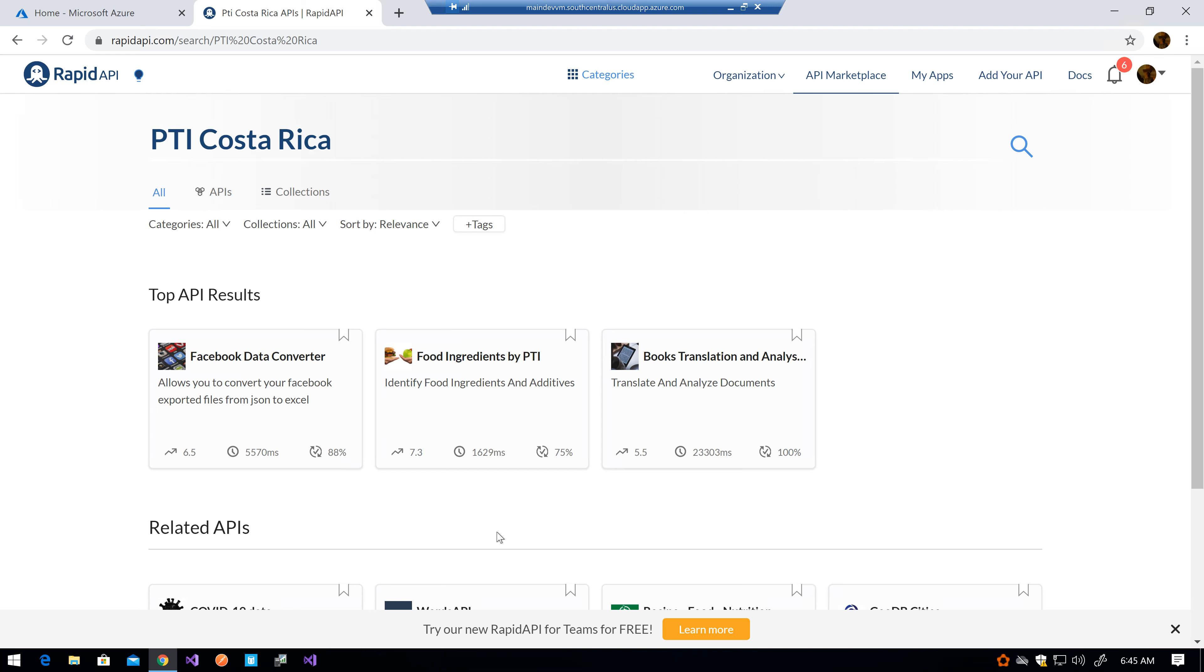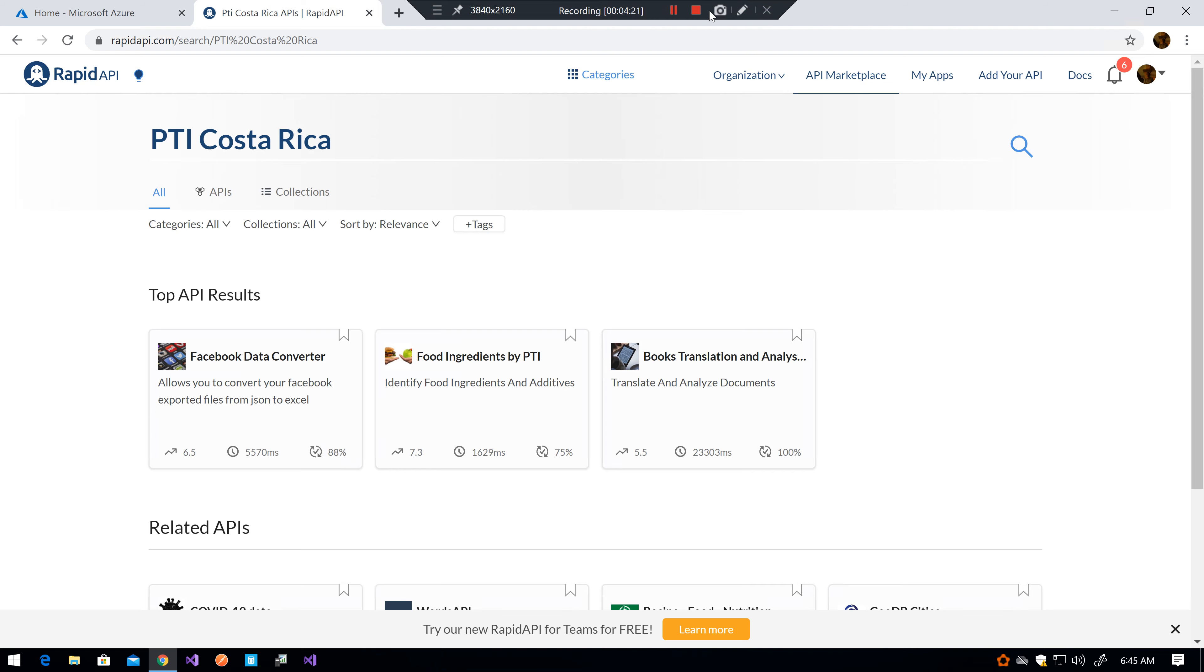There will be soon some APIs for real estate and some for traveling too, so just wait for it and keep checking the page. Thank you very much and have a great day.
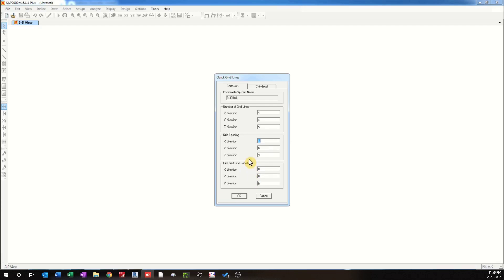We have the option of changing the grid spacing if it is not equal — we can change that later on. We can also specify the first grid location, which is the first grid coordinate. By default, we go with 0, 0, 0, meaning the first grid location is at the origin. To define this, we will choose three grids in the X direction, four in the Y direction, and five in the Z direction. We will keep the spacing at 4 meters, 6 meters in the Y direction, and 3 meters in the Z direction. Then we click OK.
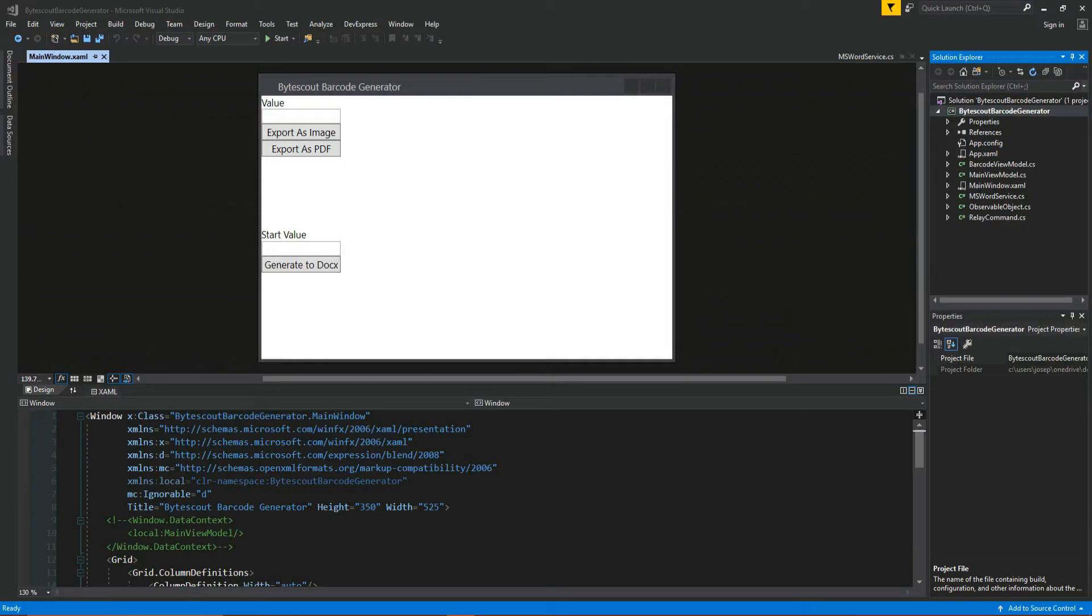What's going on guys, Tosker here. In this video we are going to create a barcode generator using the ByteScout SDK.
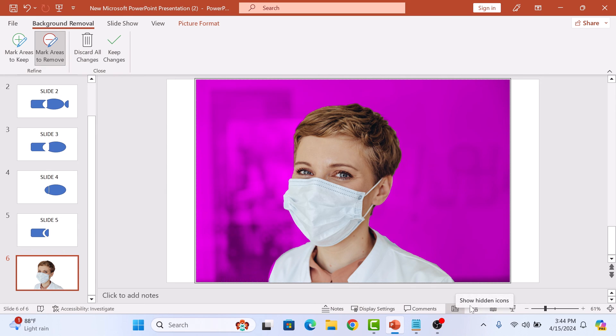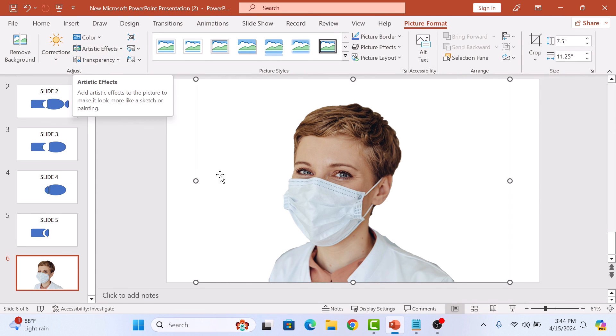Once you are done, click on keep changes. You can see background from image has been removed. So that's how to remove picture background in PowerPoint. Thanks for watching.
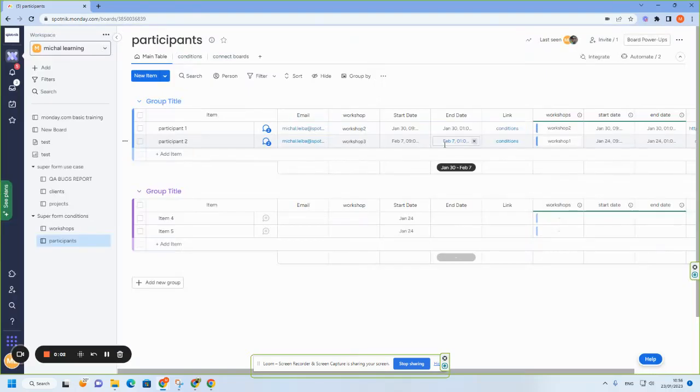Hi everyone. So today I wanted to let you know of a new feature of our Superform app. It's called Conditions.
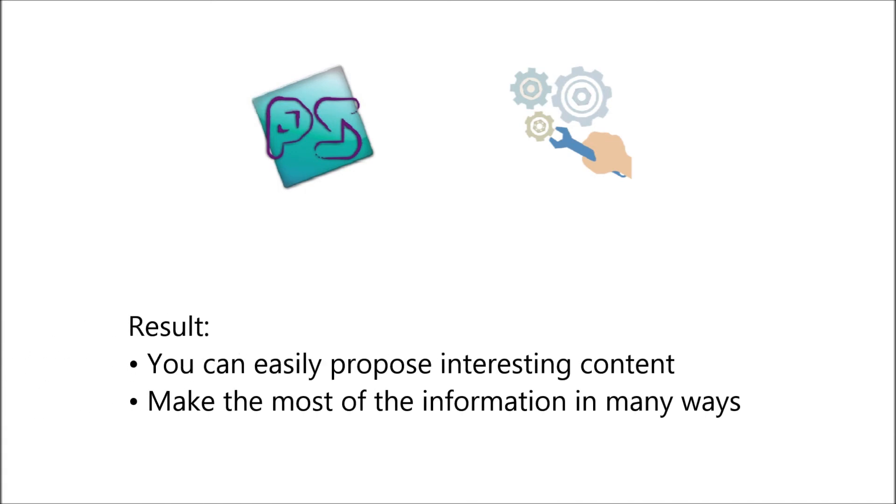The whole process is complex enough. The result, though, is that you can easily propose interesting content and make the most of this information in a number of ways.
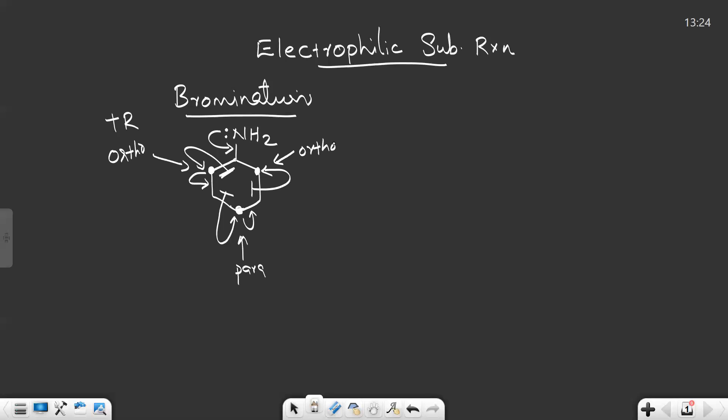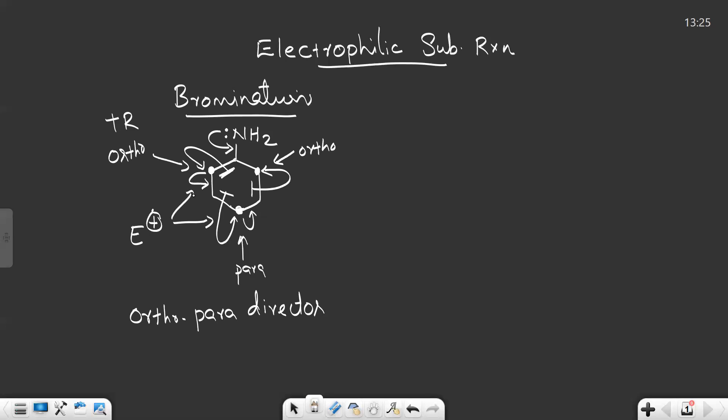In the resonating structures of aniline, the negative charges appear only at the ortho carbons and the para carbon — there is no extra electron density on the meta carbons. So if an electrophile comes to attack, it will prefer only ortho and para carbons, because an electrophile always looks for electrons. The ortho and para carbons are electron-rich compared to the meta carbons due to the electron flow from the NH2 group — that is the +R effect. So we can call the NH2 group an ortho-para director, meaning it directs the incoming electrophile to its ortho or para positions.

════════

■ Try it
Transcribe the lines above exactly, beginning at the one with "What's going on" and ending at the one with "The whole process". Include both; exclude the pictures.

■ Problem solution
What's going on guys, Tosker here. In this video we are going to create a barcode generator using the ByteScout SDK.
Once you are done, click on keep changes. You can see background from image has been removed. So that's how to remove picture background in PowerPoint. Thanks for watching.
Hi everyone. So today I wanted to let you know of a new feature of our Superform app. It's called Conditions.
The whole process is complex enough. The result, though, is that you can easily propose interesting content and make the most of this information in a number of ways.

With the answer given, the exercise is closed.